The shock election of Donald Trump as US president has forced greater responsibility for defending Western values and interests onto German Chancellor Angela Merkel’s shoulders, analysts say, with some even crowning her the new “leader of the free world”.

While the last decade has been defined by Britain, France, Germany and the US showing a largely united front on issues ranging from Nato affairs to defence of basic freedoms, the coming four years may present a more fragmented picture.

During his campaign Mr Trump signalled a protectionist and anti-immigration stance, while Britain is preoccupied with securing its future outside the European Union after June’s stunning referendum vote to exit the bloc.

France’s President Francois Hollande is grappling with record low ratings ahead of next May’s election that could see far-right Marine Le Pen reaching the second round run-off vote.

Ms Merkel, after 11 years at the helm, now looks increasingly like the only bulwark of stability and liberal freedom among Western allies. “Merkel... has suddenly become the most important leader of the free, democratic and liberal world,” said the left-leaning TAZ daily. The historian and columnist Timothy Garton Ash agreed in an editorial for Britain’s Guardian newspaper:

LEADER OF FREE WORLD

“I’m tempted to say that the leader of the free world is now Angela Merkel.” Rather than visit Britain — a natural stop for any US leader given the two countries’ special relationship, US President Barack Obama is travelling on Wednesday to Berlin on his last official trip to Europe, in what almost seems like the passing of a baton to Ms Merkel. Ahead of the visit, Obama said Merkel “has probably been my closest international partner these last eight years”.

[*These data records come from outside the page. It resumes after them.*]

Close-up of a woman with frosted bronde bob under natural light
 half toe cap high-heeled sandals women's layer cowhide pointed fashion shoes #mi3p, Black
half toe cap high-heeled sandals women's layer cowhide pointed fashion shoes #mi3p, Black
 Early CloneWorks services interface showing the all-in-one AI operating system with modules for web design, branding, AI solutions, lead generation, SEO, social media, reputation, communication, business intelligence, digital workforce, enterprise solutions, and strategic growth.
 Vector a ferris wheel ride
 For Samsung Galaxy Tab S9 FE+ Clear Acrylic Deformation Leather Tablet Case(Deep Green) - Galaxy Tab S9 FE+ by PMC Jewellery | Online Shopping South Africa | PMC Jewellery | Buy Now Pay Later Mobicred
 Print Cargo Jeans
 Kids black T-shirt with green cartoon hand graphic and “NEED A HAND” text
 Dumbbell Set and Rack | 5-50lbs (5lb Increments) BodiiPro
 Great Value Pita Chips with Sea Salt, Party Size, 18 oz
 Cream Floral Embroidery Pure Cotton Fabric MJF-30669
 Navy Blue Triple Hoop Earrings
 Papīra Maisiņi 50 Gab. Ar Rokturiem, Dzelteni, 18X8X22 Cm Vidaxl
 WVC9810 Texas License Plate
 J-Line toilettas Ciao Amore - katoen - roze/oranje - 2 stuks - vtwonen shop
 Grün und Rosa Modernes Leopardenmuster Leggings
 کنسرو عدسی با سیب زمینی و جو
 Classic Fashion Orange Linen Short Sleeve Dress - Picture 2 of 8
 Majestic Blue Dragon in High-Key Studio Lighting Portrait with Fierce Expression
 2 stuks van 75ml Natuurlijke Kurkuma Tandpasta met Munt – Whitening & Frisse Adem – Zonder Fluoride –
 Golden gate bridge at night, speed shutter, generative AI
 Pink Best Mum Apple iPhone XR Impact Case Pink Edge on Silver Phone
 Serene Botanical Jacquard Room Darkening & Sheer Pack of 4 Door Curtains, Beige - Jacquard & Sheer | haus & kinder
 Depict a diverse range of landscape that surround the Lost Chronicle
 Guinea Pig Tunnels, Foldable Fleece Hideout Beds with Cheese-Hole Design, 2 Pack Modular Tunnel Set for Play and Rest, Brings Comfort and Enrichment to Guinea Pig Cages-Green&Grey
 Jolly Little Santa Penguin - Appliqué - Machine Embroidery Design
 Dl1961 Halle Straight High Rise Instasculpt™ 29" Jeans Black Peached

Ms Merkel’s striking message to Trump after his victory was not lost on observers — where her peers simply pledged close ties, she tied them to democratic values. She said that any “close cooperation” must be on the basis of the “values of democracy, freedom, respect for the rule of law and human dignity, regardless of origin, skin colour, religion, gender, sexual orientation or political belief”.

The remarks indicated the German leader is likely to accept — perhaps grudgingly — the mantle of “leader of the real, remaining West and remind Trump of values”, said Die Welt daily.

“She is more than ever the woman who is countering men like Russian President Vladimir Putin or Turkish President Recep Tayyip Erdogan,” said the TAZ.
Merkel, 62, does not have Obama’s oratorical flourishes but her voice is increasingly forceful on the world stage.

She put her fluent Russian to good use in mediating in the Ukraine conflict with Putin.

When most European countries were busy shutting their doors to refugees fleeing war in predominantly Muslim countries, Merkel let in nearly 900,000 people last year — a stance that Trump branded “insane”.